EXTRACTED RECORDS:
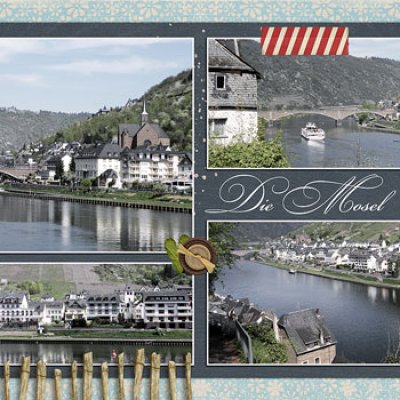 Die Mosel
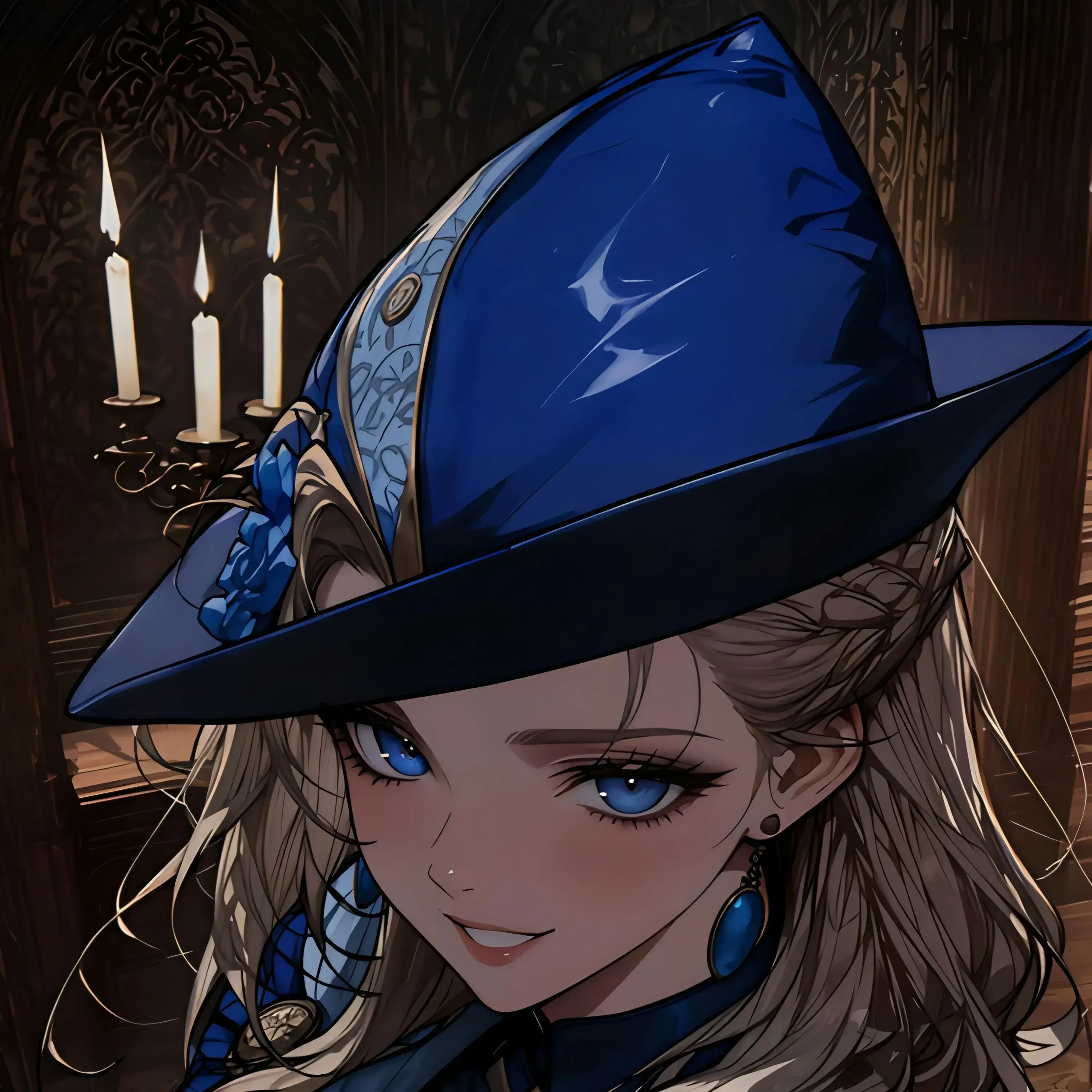 DimEider0293의 Fleur Delacour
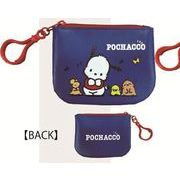 サンリオキャラクターズ　コインケース 　ポチャッコ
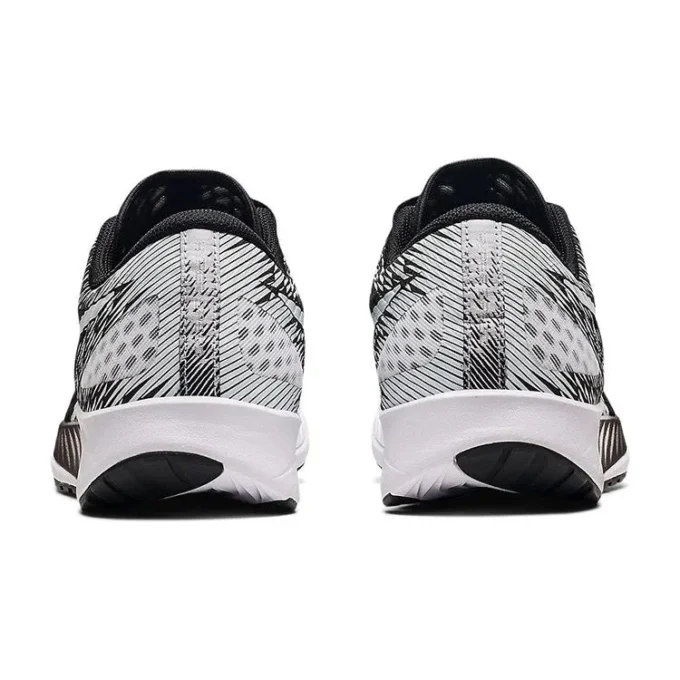 Hyper Speed «Negro Blanco»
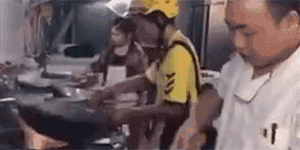 火云|这一掌简直比生发水更灵啊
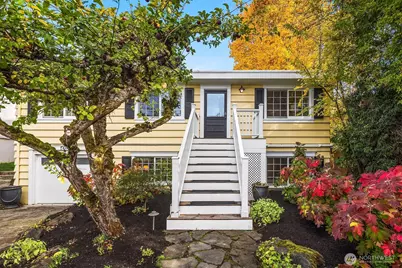 2440 64th Avenue SE, Mercer Island, WA 98040 - Photo 1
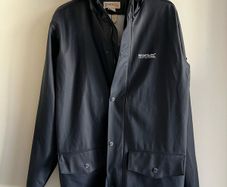 Regatta Raincoat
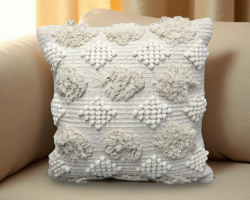 وجة قرنة صنارة هندي دريم 45 × 45 سم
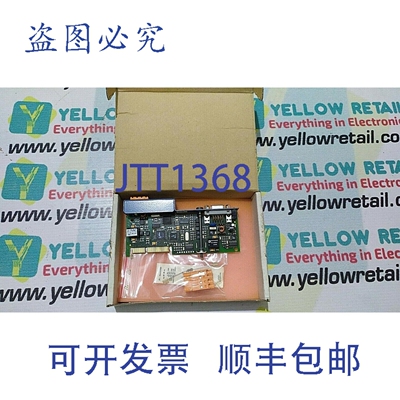 原装供应3IF621.9 B&R 接口模块 IF621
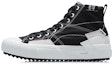 Buy (W) Li-Ning Kasut Tinggi 'Hitam Putih' AGCR288-2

EXERCISE INSTRUCTIONS: Would you transcribe exactly, and only, the lines from the one containing "DimEider0293의 Fleur Delacour" through the last line of the records above, both included, leaving out the pictures?

SOLVED PROBLEM:
 DimEider0293의 Fleur Delacour
 サンリオキャラクターズ　コインケース 　ポチャッコ
 Hyper Speed «Negro Blanco»
 火云|这一掌简直比生发水更灵啊
 2440 64th Avenue SE, Mercer Island, WA 98040 - Photo 1
 Regatta Raincoat
 وجة قرنة صنارة هندي دريم 45 × 45 سم
 原装供应3IF621.9 B&R 接口模块 IF621
 Buy (W) Li-Ning Kasut Tinggi 'Hitam Putih' AGCR288-2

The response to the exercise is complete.